Berry/Bramble Pruning Tips

When I first started growing boysenberries and all those bramble type fruits I had a real problem determining what I should be pruning out and what I should be leaving.  It sounds quite simple until you stand in front of that tangled mess that your Boysenberry has become and wonder where to start….  To make the winter prune a little easier I started tidying up the berries in the summer.  

During the summer months my berries grow really strongly and the new canes (that aren’t going to fruit until next year) grow rather out of control.  These new canes only need to be as long as you can easily manage.  Once they have grown 2-3m long I stop mine by cutting off the ends otherwise they continue to grow all over the ground and through your plant and mask the berries that are ready to pick and attack me every chance they get.  I keep only as many as I want for the next year.  If you have too many cut these off at ground level too.  I find that no one wants to help pick the berries if they are going to be ripped to shreds and the easier I make the access to the plump ripe berries the more help I get.

Boysenberries, Blackberries, Tayberries, Karakaberries, Boysenberry Brulee, Thornless Jewels etc can all be treated the same way.  All the canes will fruit only once.

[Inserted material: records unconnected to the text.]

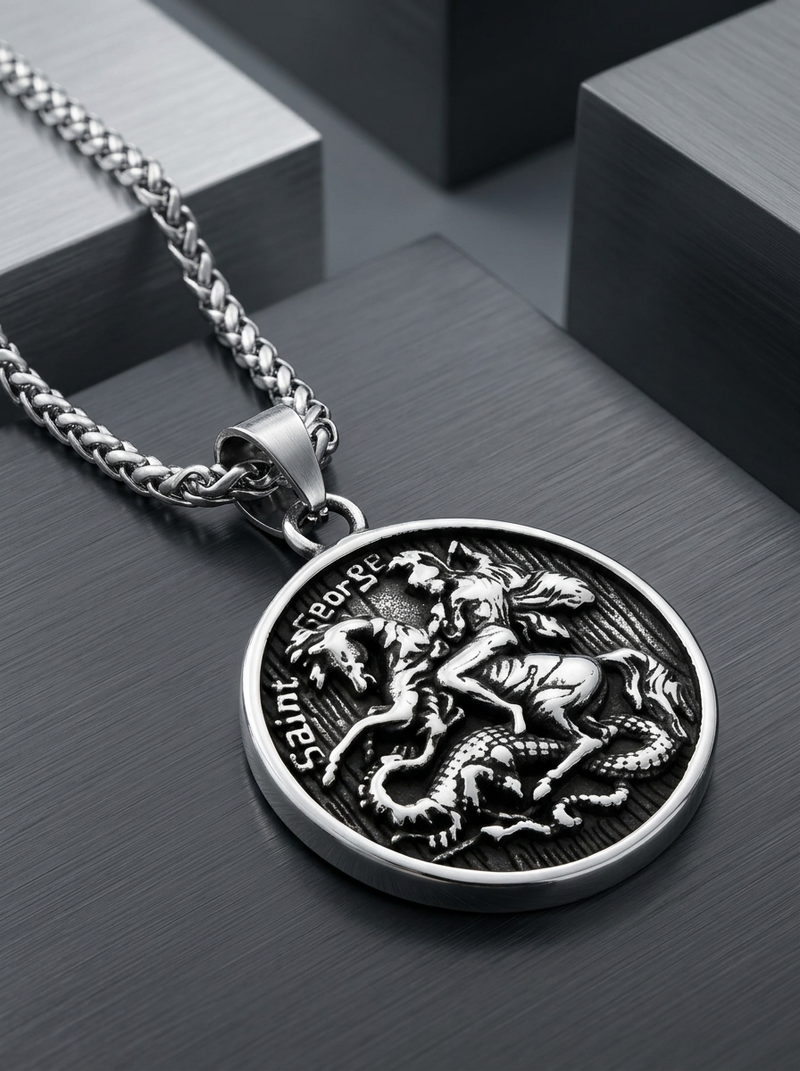 Saint George — Pendant in 316L Steel
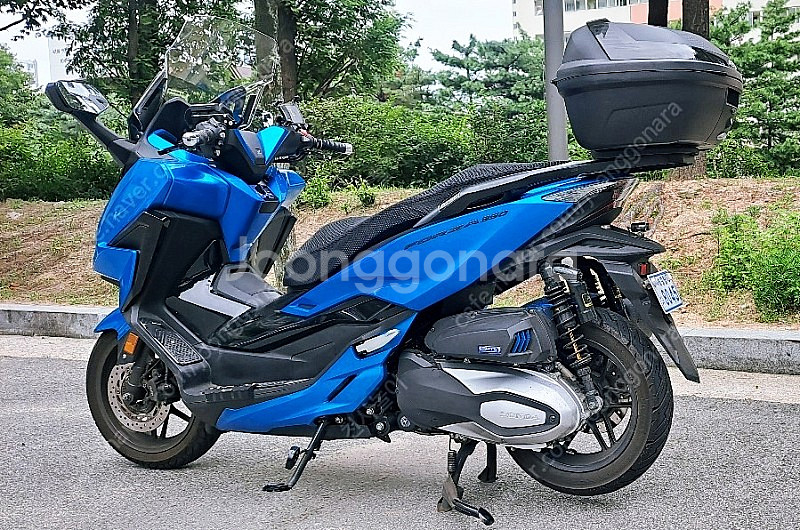 22년 6월 출고 포르자350 캔디블루 팝니다.--3
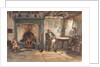 Interior of a cottage by Charles West Cope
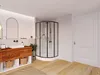 Duschtrennwand Seitenwand Eckdusche mit Duschwanne - Produktbild-Vorschau 2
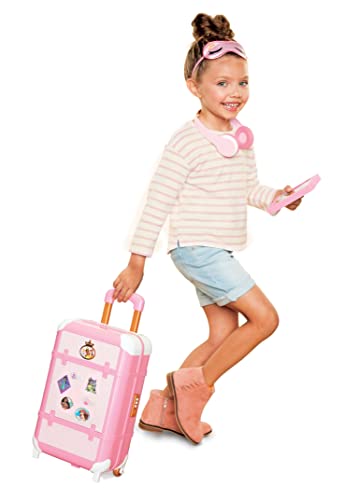 Princesas Disney – Juego de Maleta de Viaje para Niñas 3 años – Juguete para Niñas con 15 Accesorios Que no Pueden Faltar en tu Viaje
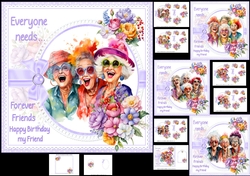 7x7 Forever friends choice of four mini kit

Therefore when winter or late autumn comes and you are ready to attack your berries – anything that has an old seed/fruit heads on it should be cut away at ground level and you can then tidy up your new canes that you “stopped” in the summer.  By now these will have produced smaller side branches.  Trim these back to a short knobby shoot and it is from here that your berries will be produced in summer.  Your berry should look a little like the one in the picture above which is a Thornless Jewel – a Jewel to eat and a Jewel to prune and it is thornless too!

Once you have pruned your berries clean up any old leaves from the ground and give them a clean up spray with Liquid Copper.  If your berries have suffered with insects of any kind over the summer and these are still lingering be sure to give them a spray with something appropriate.  You don’t want these to become active in the spring and it’s so easy to kill them now while your canes are leafless.